You are something the whole universe is doing in the same way that a wave is something that the whole ocean is doing. The real you is not a puppet which life pushes around. The real, deep down you is the whole universe. ~ Alan Watts
I am desperate and need help in dealing with my husband’s obsession with the computer. He is addicted to social media. He spends lots of time on the computer. As soon as he comes home from work at the end of the day he turns on the computer and he sits there until past midnight. Many nights I go to bed alone because he is with the computer. I feel so alone. He tells me that I should be happy that he is home and not out on the street like some other men. That’s no consolation to me. When I voice my concerns he calls me a nag and it says that drives him to spend more time on FB. I don’t know what to do. I am jealous of the time he spends with friends on FB and many of them are female friends. I am at my wits end. Our children are grown and they have lives of their own. It’s just me and him at home all the time. What should I do?

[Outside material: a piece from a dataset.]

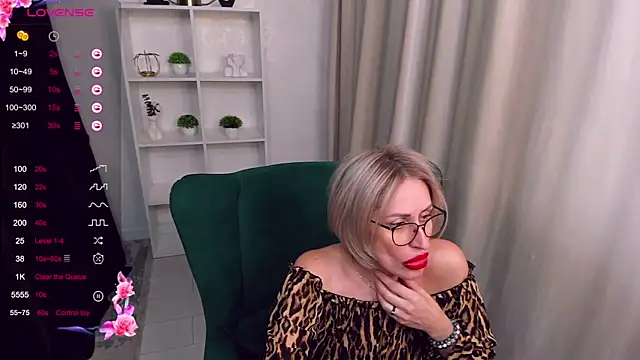 PamellaMurphy online show from November 11, 2025, 5:51 am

Your husband seems to be addicted to these social media. I think you have to find reasons for you to get out more often, suggest activities outside the home or invite friends over for dinner or coffee where he would have to be involved. With your husband develop rules around social mean vis a vis family time. If he is open to it, seek the advice of a counsellor. Sounds like your concerns have fallen on deaf ears. Could you find activities for yourself out of the home- go to the movies with your girlfriend, have girls’ night out – go for coffee and not be available to him as much. Nagging is not helping. However If you are not available at home as much he might start wondering what’s going on and be willing to make room for you in his life again or begin a conversation about your concern.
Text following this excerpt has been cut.